La mayoría carecía de armas, otros se habían llevado las herramientas, enseres de la casa y ganados, como si se tratara de un corto viaje. Atravesaron Alemania, Hungría y los Balcanes, creyendo siempre que la ciudad próxima sería ya Jerusalén. Saqueaban las aldeas y robaban el ganado por el camino para alimentarse, por lo que los gobernantes de las regiones por las que pasaban se vieron obligadas a darles suministros o a usar la fuerza para librarse de ellos. En algunas ciudades atacaron a los judíos y sus propiedades. Llegaron a Constantinopla, donde el emperador bizantino Alejo I Comneno les facilitó buques para el paso del Bósforo. A principio de agosto atravesaron el estrecho y prosiguieron su descontrolado avance.

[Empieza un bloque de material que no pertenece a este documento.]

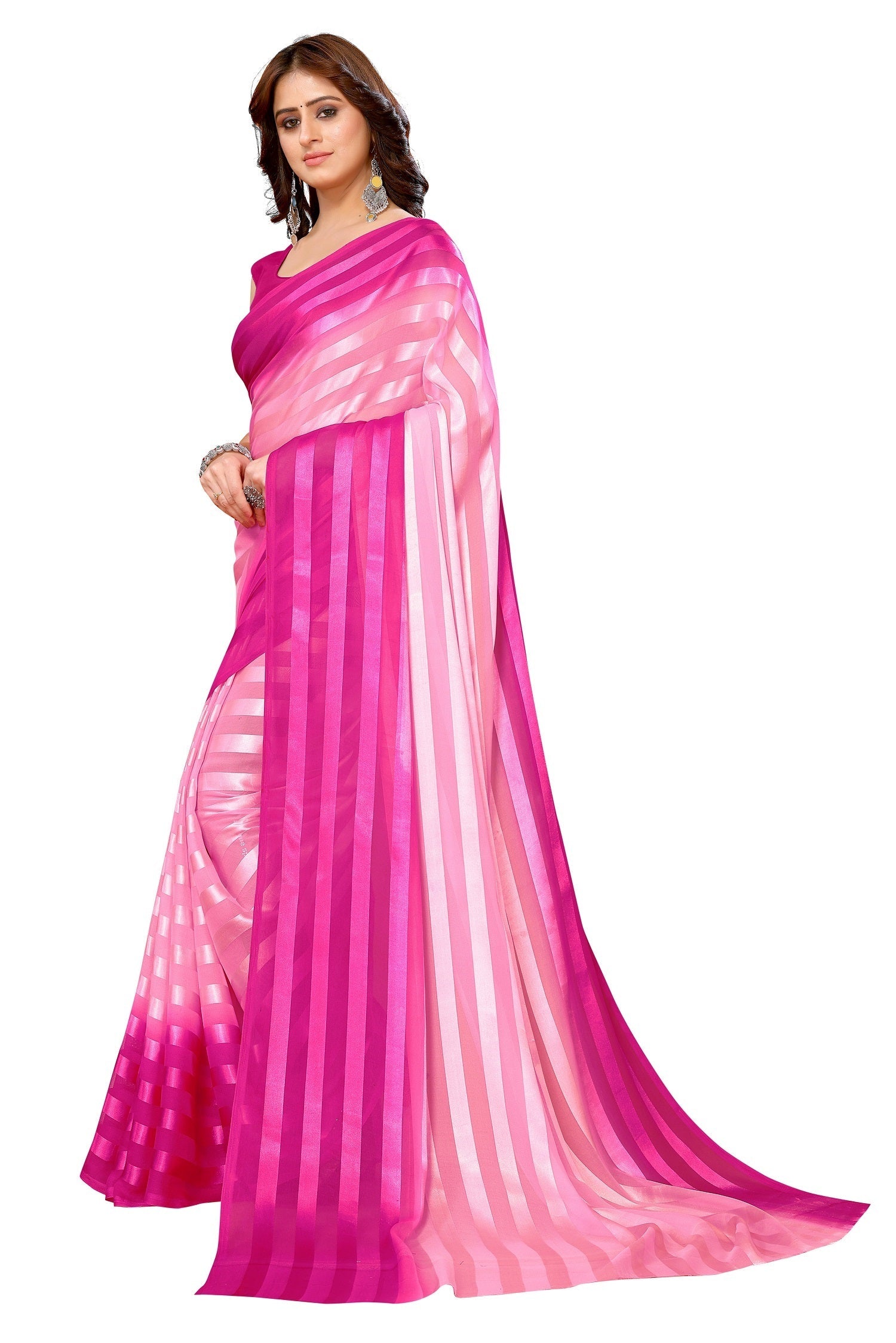 Vamika Georgette Satin Pink Desinger Satin Patta Saree
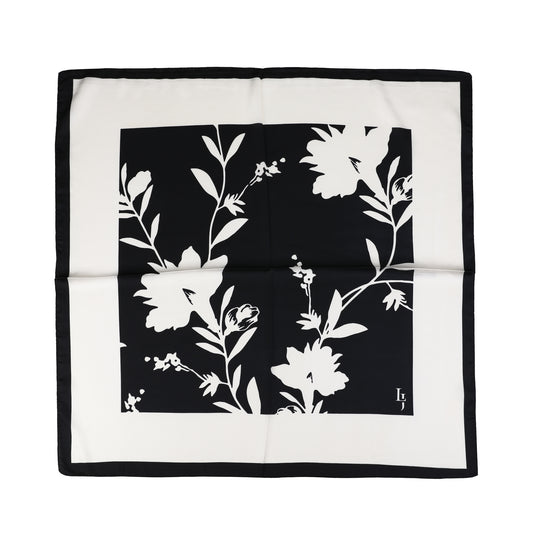 Foulard femme - mini écharpe - mode féminine - carré en tissu - effet satin - imprimé animal - noir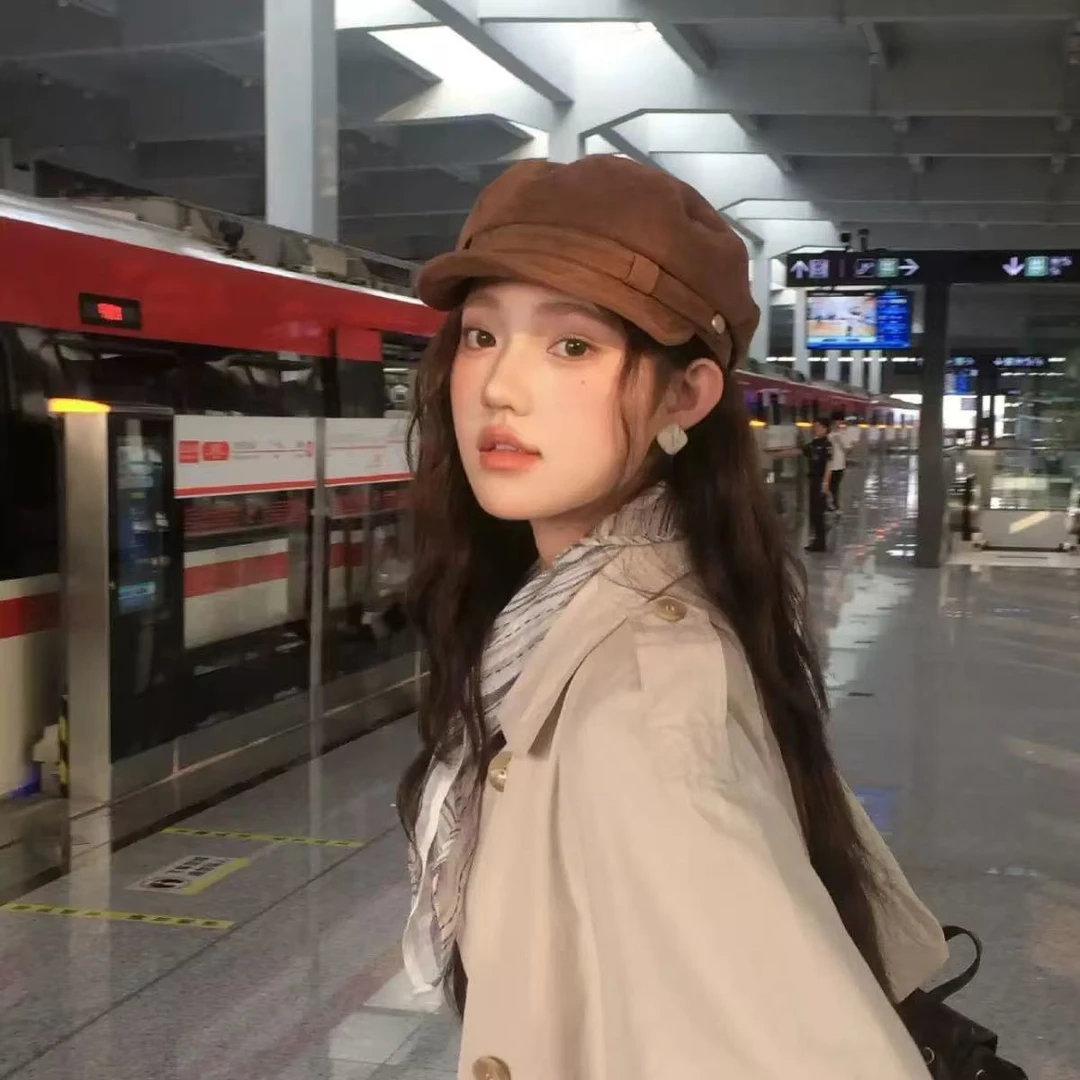 英伦复古海军风韩系时尚画家八角帽高级感帽子女麂皮绒报童贝雷帽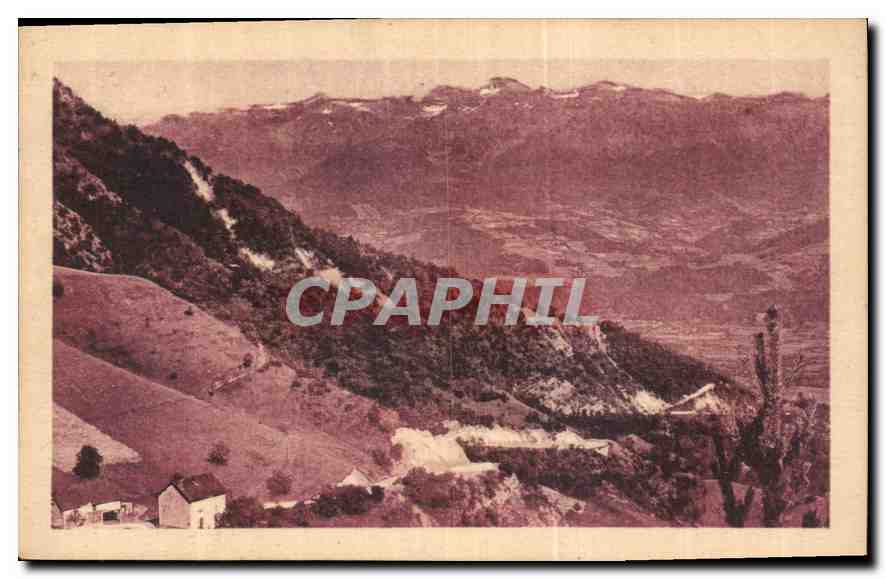 Route de Grenoble au Seppey — Les virages du Col de Vence et la Chaîne des Alpes — A. Villeret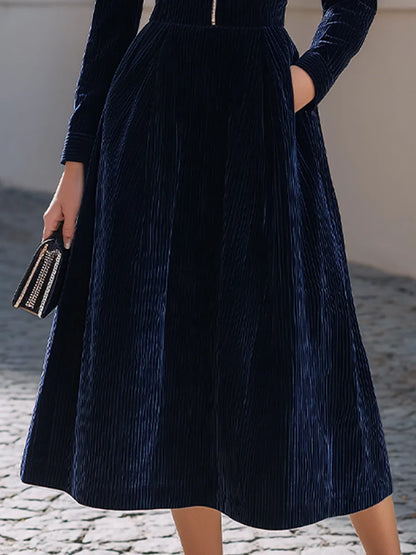 Vertical Corduroy Lapel Zip Front Midi Fit-and-Flare Dress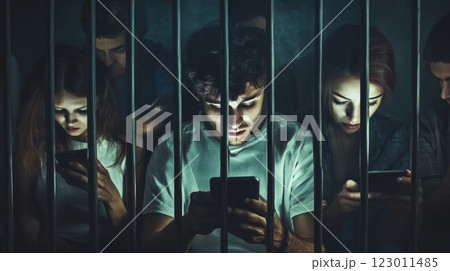 Social media addiction portrayed as people trapped in smartphone screen 123011485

Alejo I había aconsejado a Pedro el Ermitaño que acampara y esperara a los otros cruzados que provenían del resto de Europa, pero los lugartenientes de Pedro se impacientaron y decidieron seguir la travesía, animados por los botines que conseguían en el camino. Marcharon hacia Nicea con un “ejército” de unos 20.000 integrantes.

En Nicea fueron emboscados y aniquilados por los turcos selyúcidas el 21 de octubre de 1096. Pedro el Ermitaño y un reducido número de supervivientes regresaron a Constantinopla, donde esperaron la llegada de los caballeros cruzados. Esta otra expedición, respuesta a la misma convocatoria del papa Urbano II, pero organizada desde el punto de vista militar y social por la nobleza de varias monarquías europeas, recibe el nombre de Cruzada de los príncipes y es la que la historiografía suele denominar habitualmente como Primera Cruzada.